### Exercise instructions
Leave the pictures out, and transcribe the material below exactly from the line with "1 bedroom retirement" to the line with "Unit B - Bathroommmm", both lines included.

[Opening Data records section]

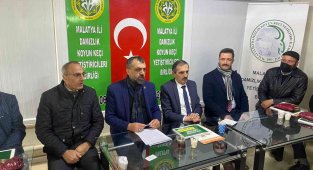 Koyun ve Keçi Birliğinden, küpe ve kayıt defteri dağıtım toplantısı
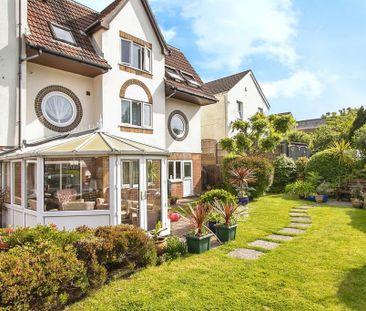 1 bedroom retirement property to rent - Photo 5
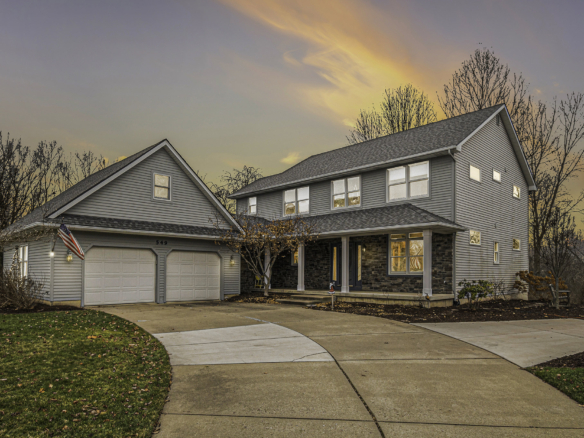 MLS 278052 — 549 Riverwalk Dr., Mason — $475,000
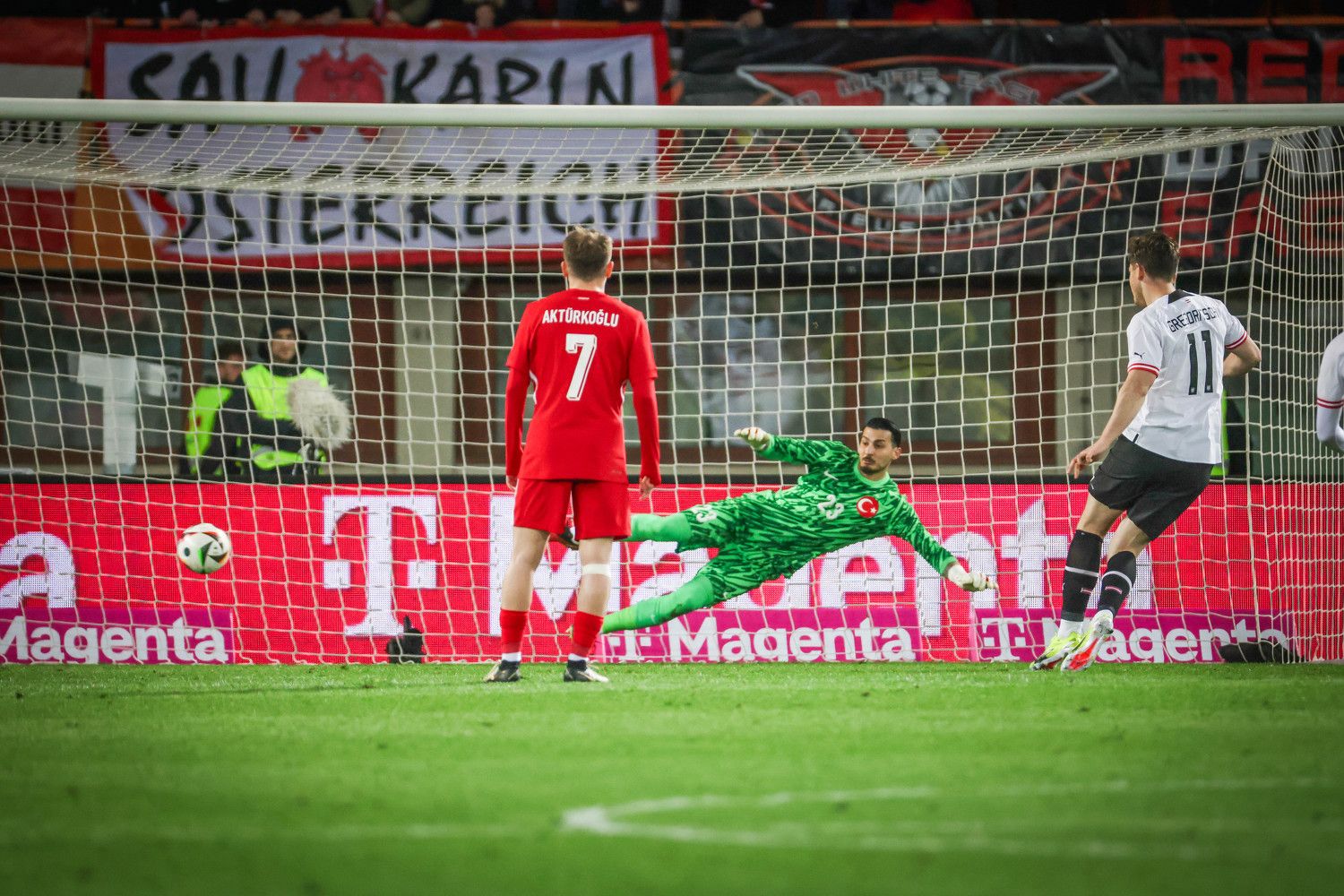 Michael Gregoritsch schnürt den Triplepack.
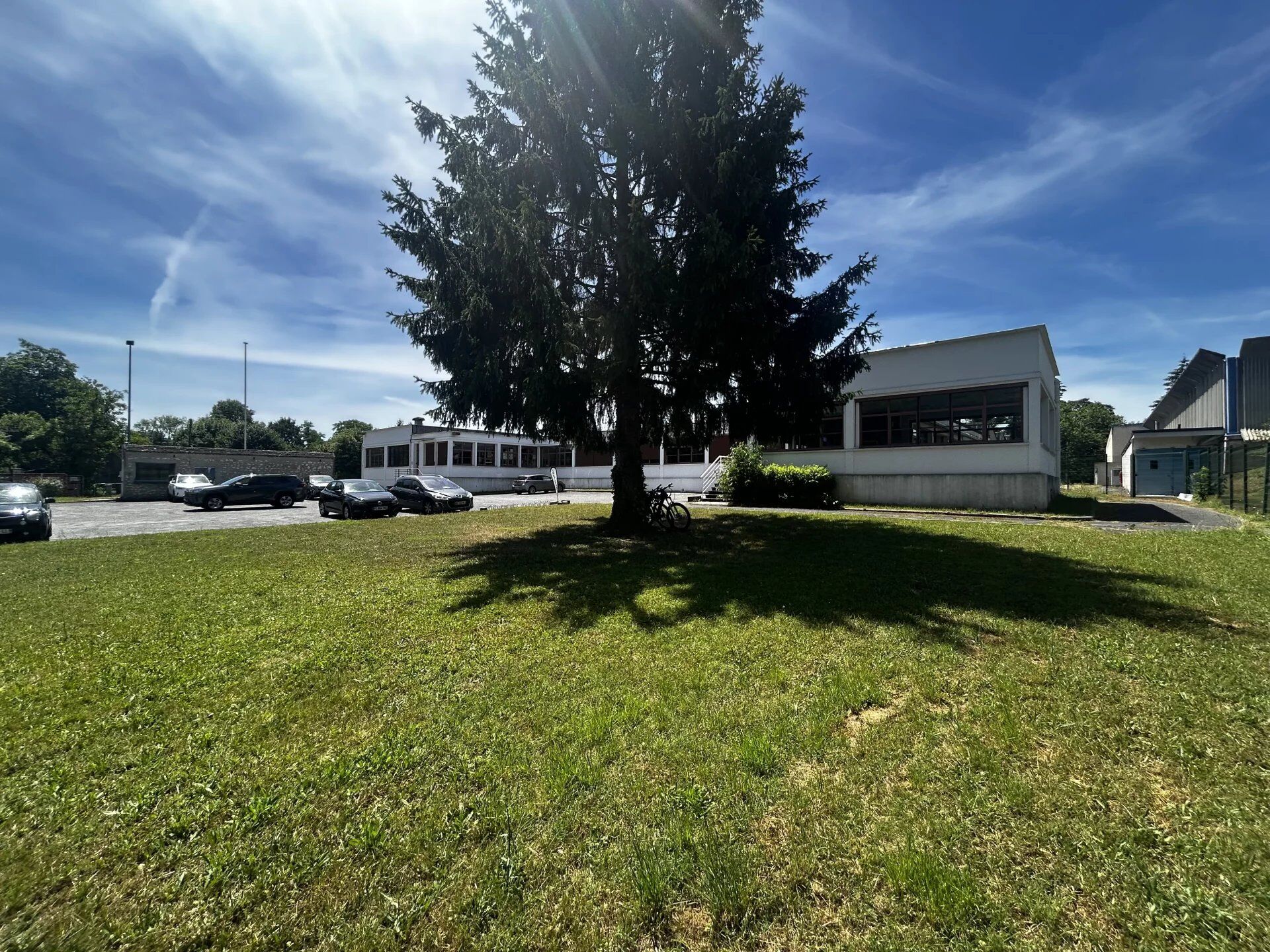 Local commercial 2854 m² · à Thomery · 2 854 m² · 1 350 000 €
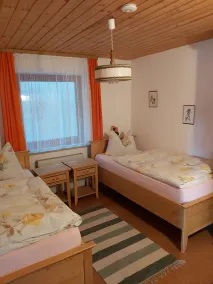 Ferienwohnung in ruhiger sonniger Höhenlage mit sehr guten Panoramablick - Image 3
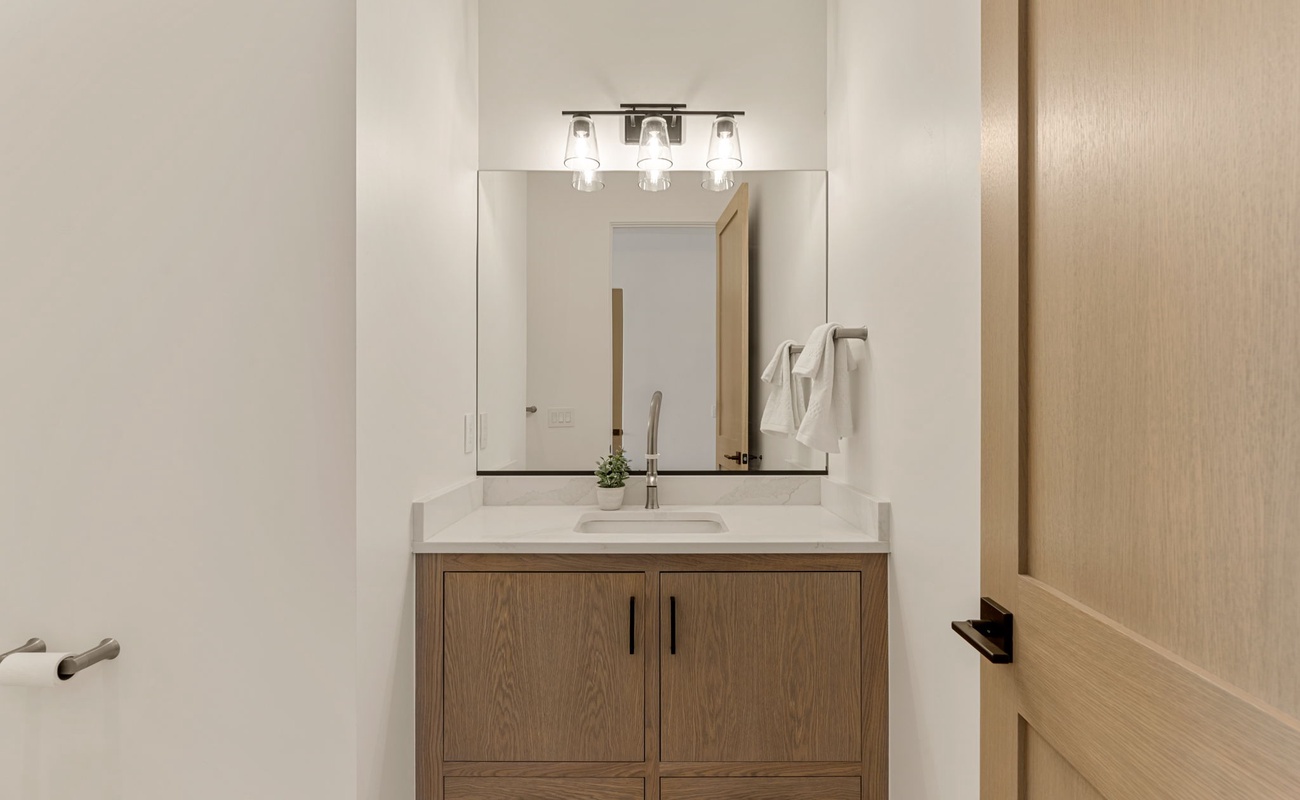 Unit B - Bathroommmm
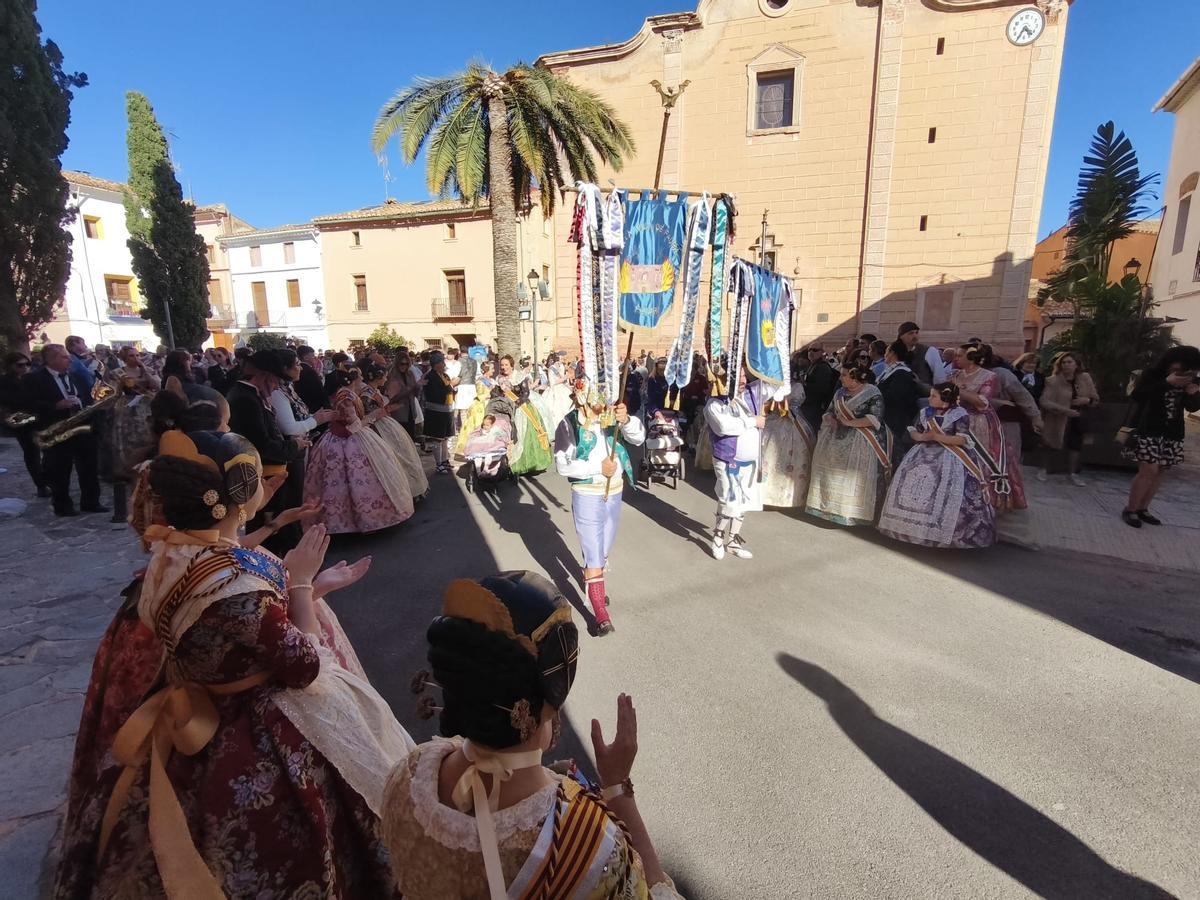 Miles de personas llenaron de alma fallera Gilet y Faura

[Closing Data records section]

### Your solution
 1 bedroom retirement property to rent - Photo 5
 MLS 278052 — 549 Riverwalk Dr., Mason — $475,000
 Michael Gregoritsch schnürt den Triplepack.
 Local commercial 2854 m² · à Thomery · 2 854 m² · 1 350 000 €
 Ferienwohnung in ruhiger sonniger Höhenlage mit sehr guten Panoramablick - Image 3
 Unit B - Bathroommmm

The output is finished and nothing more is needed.